● INPUT:
++++

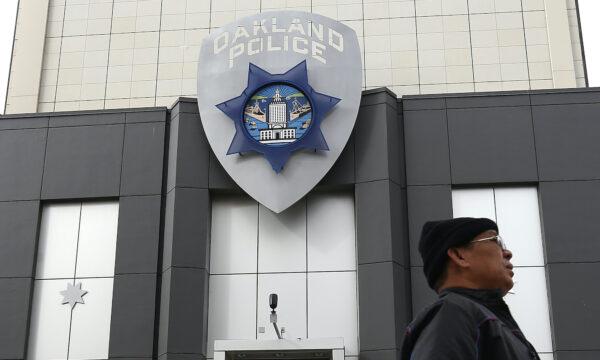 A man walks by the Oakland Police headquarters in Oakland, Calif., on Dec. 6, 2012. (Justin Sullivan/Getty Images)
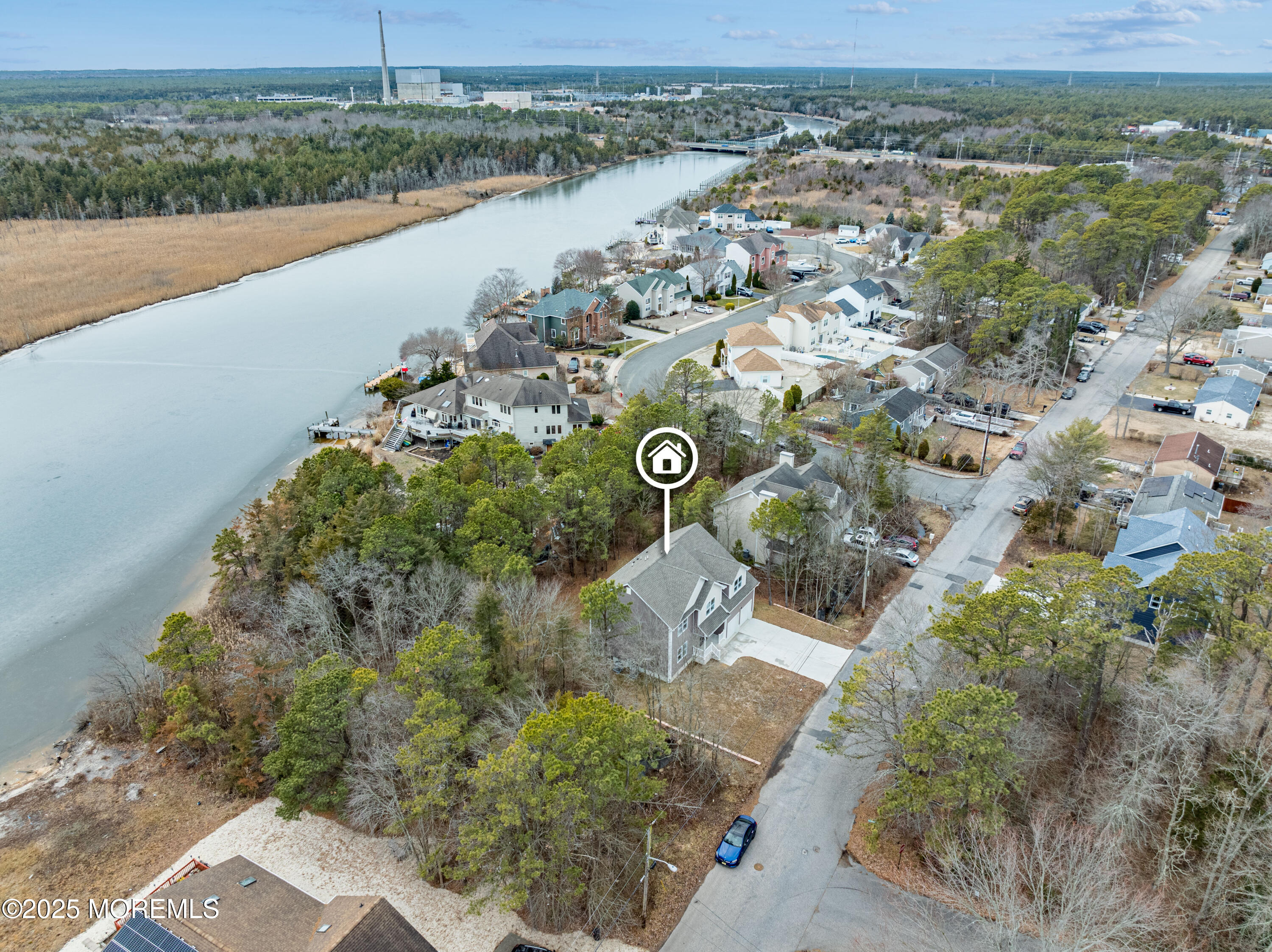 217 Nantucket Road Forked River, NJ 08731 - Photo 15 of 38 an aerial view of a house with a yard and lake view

++++

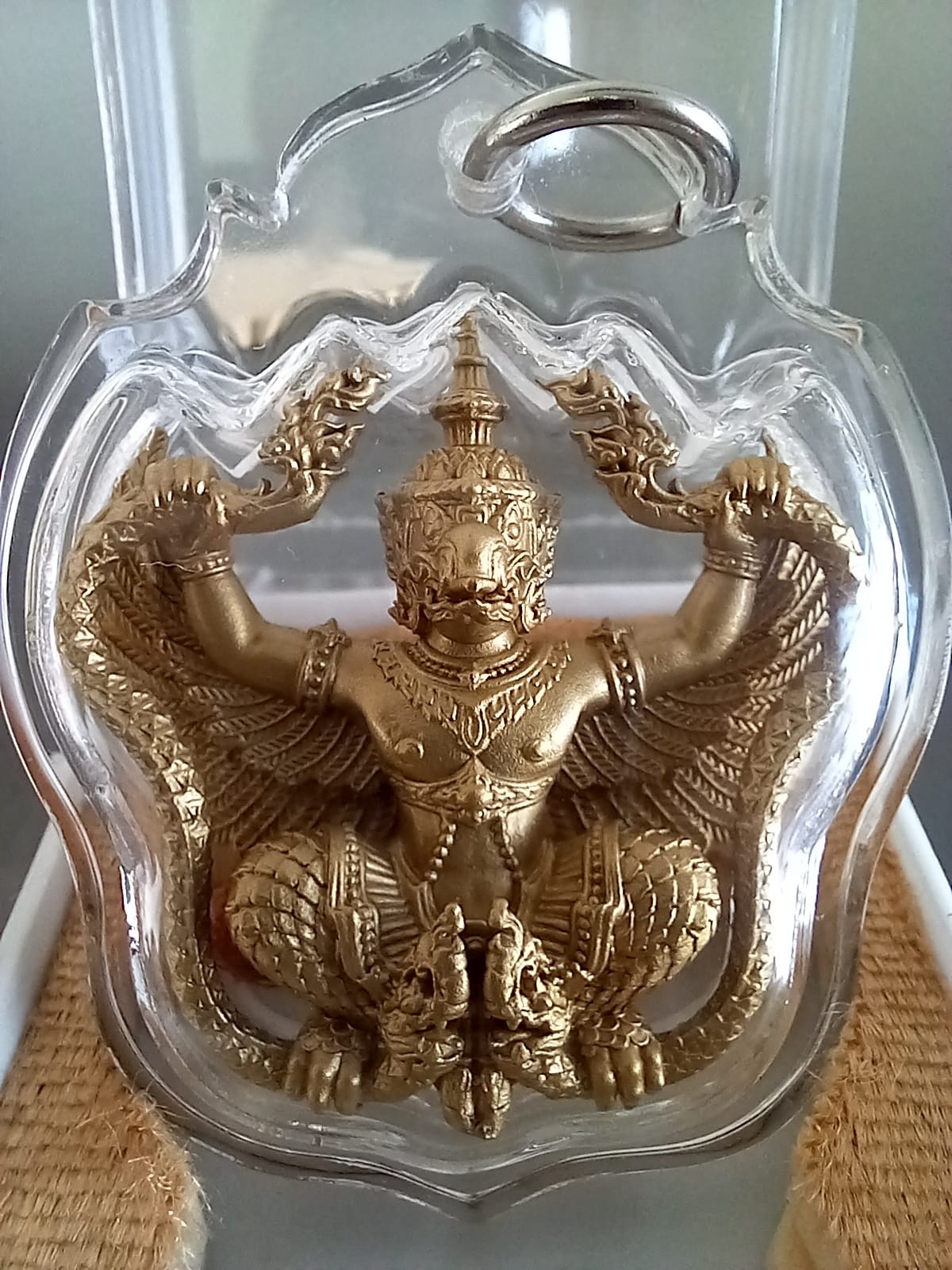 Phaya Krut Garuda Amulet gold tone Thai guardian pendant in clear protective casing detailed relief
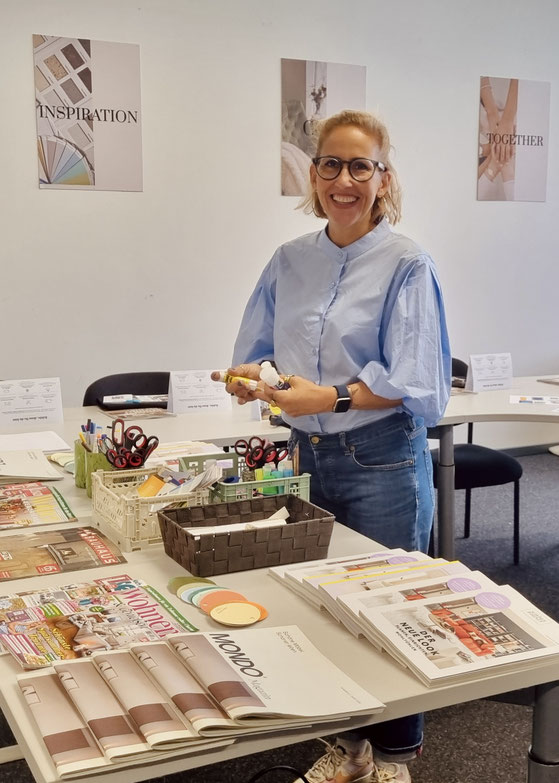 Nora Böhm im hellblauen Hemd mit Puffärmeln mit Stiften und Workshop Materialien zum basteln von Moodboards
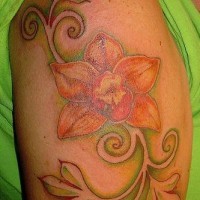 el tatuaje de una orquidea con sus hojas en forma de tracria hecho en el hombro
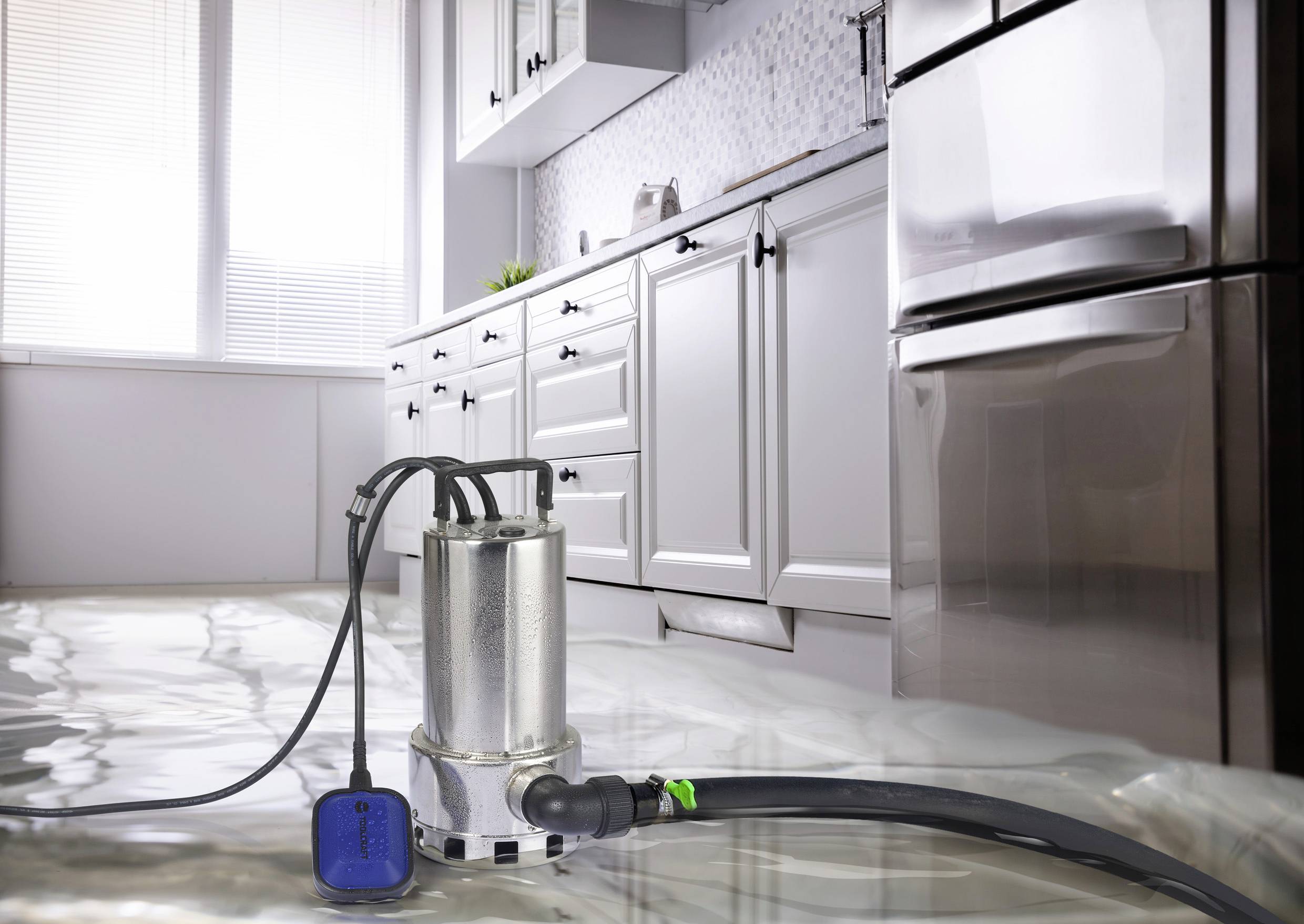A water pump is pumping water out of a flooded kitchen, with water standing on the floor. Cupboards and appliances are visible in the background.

++++

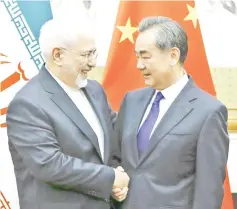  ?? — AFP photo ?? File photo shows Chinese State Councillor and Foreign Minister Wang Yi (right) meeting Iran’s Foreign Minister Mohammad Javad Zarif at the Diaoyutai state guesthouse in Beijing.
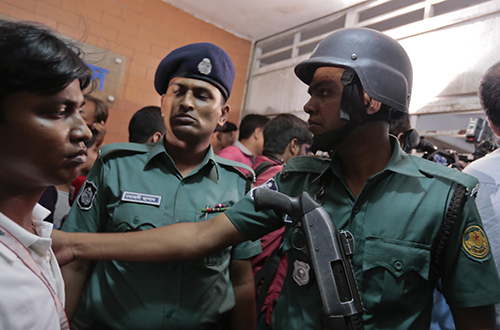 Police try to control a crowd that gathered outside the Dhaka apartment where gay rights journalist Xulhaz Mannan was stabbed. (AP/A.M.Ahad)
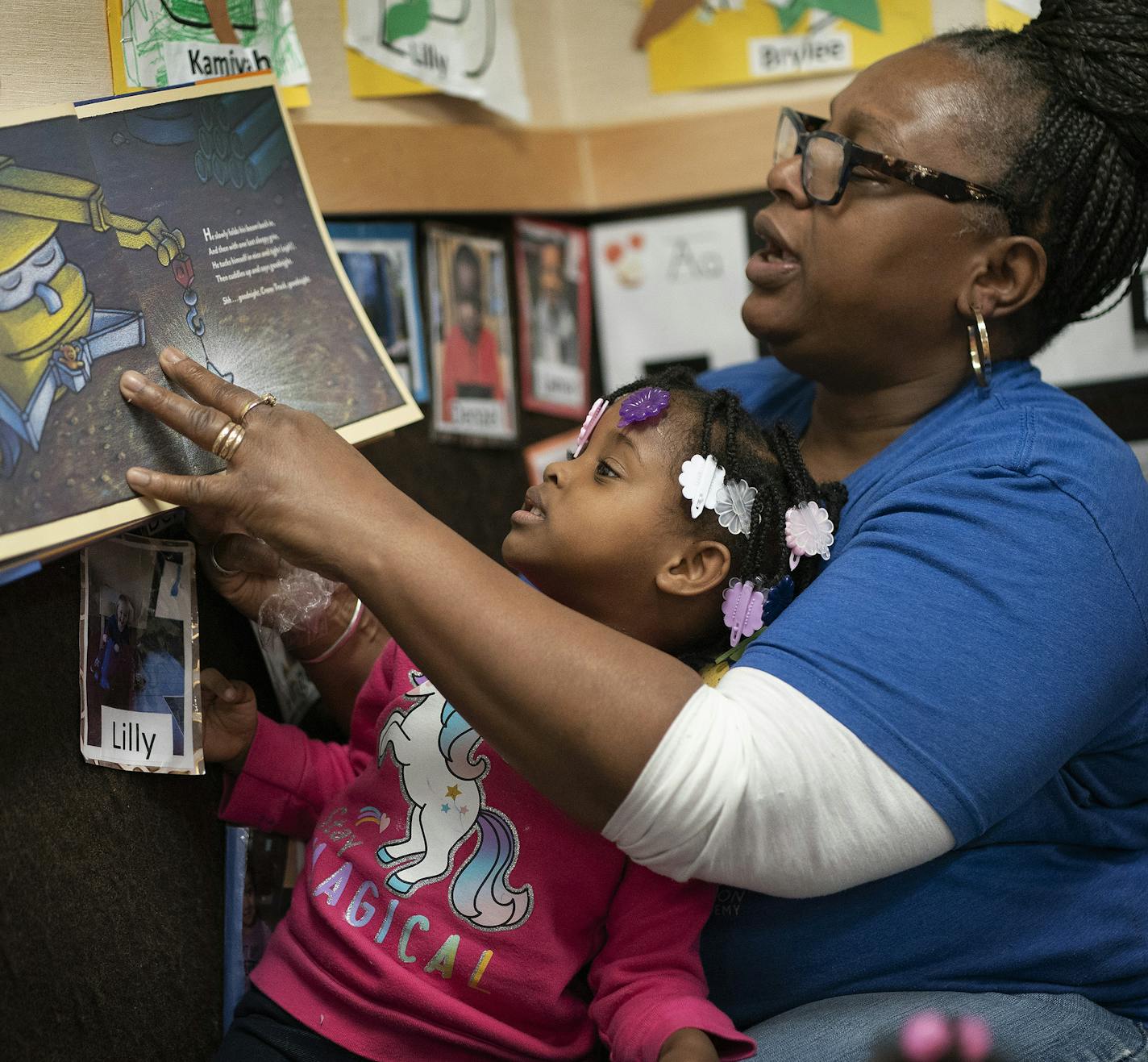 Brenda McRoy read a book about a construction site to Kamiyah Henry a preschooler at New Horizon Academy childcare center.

++++

● TRY IT: Start at the line above containing "A man walks" and stop at the line containing "217 Nantucket Road": print those lines and everything between them exactly, but not the pictures.

● TASK RESULT:
 A man walks by the Oakland Police headquarters in Oakland, Calif., on Dec. 6, 2012. (Justin Sullivan/Getty Images)
 217 Nantucket Road Forked River, NJ 08731 - Photo 15 of 38 an aerial view of a house with a yard and lake view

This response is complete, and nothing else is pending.